- Australian dollar rises to 13-week high
The Australian dollar is in positive territory on Monday. In the European session, AUD/USD is trading at 0.6553, up 0.59%. The Aussie is flexing its muscles, gaining some 3% in the past week.
Investors eye RBA minutes
The Reserve Bank of Australia releases the minutes of the meeting earlier this month on Tuesday. There wasn’t much of a surprise as the RBA raised rates by a quarter-point to 4.35%, but the Australian dollar dropped sharply in the aftermath, which is an unusual move after a rate hike. Investors jumped all over the language of the rate statement, which suggested that the bar had risen for an additional rate hike. Interestingly, the statement also warned that inflation was “too high” and the “risk of inflation remaining higher has increased”, but investors ignored this hawkish assessment.
The RBA minutes may provide more clarity on whether rates have peaked. The markets are betting that the tightening cycle is over, but if the minutes signal that rates could go up, the Australian dollar could get a boost.
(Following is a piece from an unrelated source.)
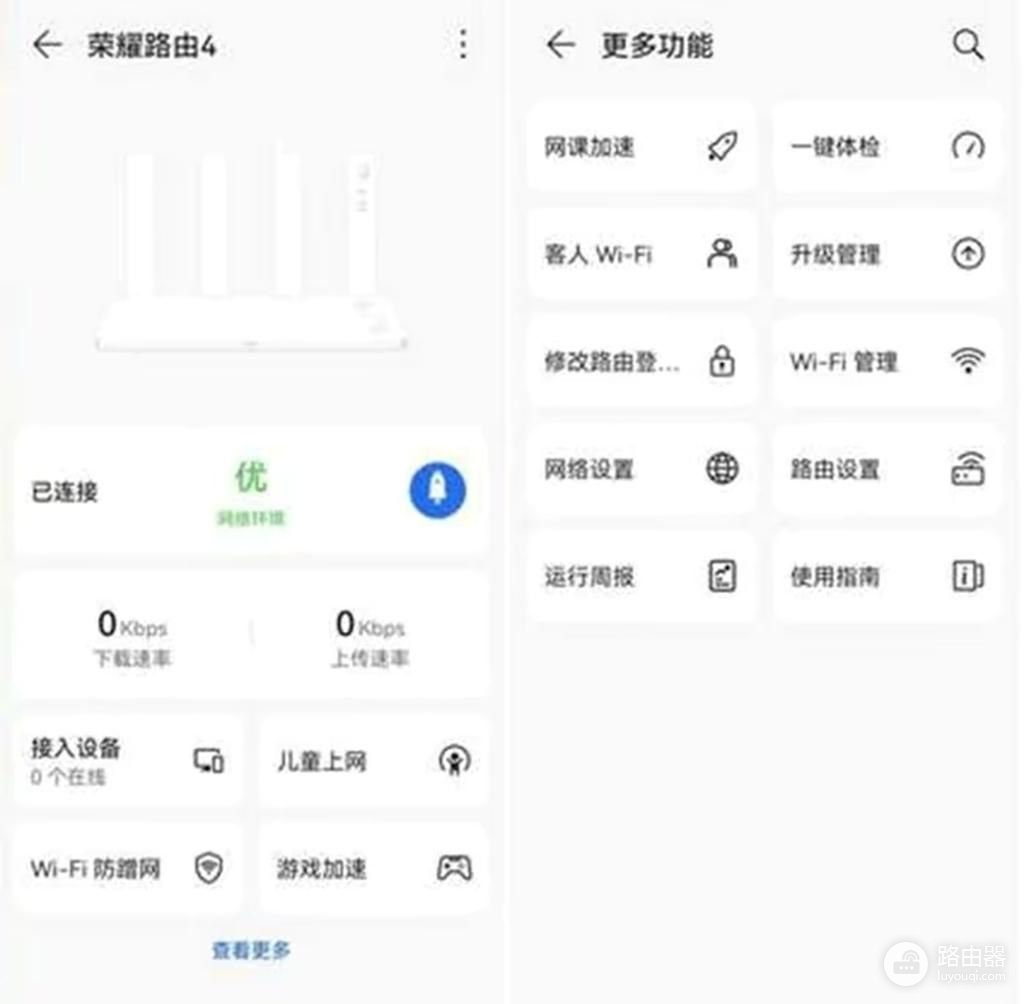 换了大房子，WiFi信号当然要到位，荣耀路由4极速体验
As for 2024, the markets are expecting a rate cut, but the RBA is still trying to convince the markets that rate hikes are on the table and it isn’t discussing trimming rates.
Just a month ago, 10-year US Treasuries were trading at 4.98%, but have fallen to 4.44% at present. The lower yields have made US Treasuries less attractive and the US dollar has fallen against the majors recently, including the Australian dollar.
The FOMC minutes will be released on Tuesday and the markets will be combing through, looking for hints about upcoming rate decisions. Despite the Fed insisting that rate hikes remain on the table, the markets are confident that Fed policy will be less restrictive in the first half of 2024. According to the CME’s FedWatch tool, there is a 100% likelihood of a pause in December, with a 30% chance of a rate cut in March 2024, followed by a 64% chance in May.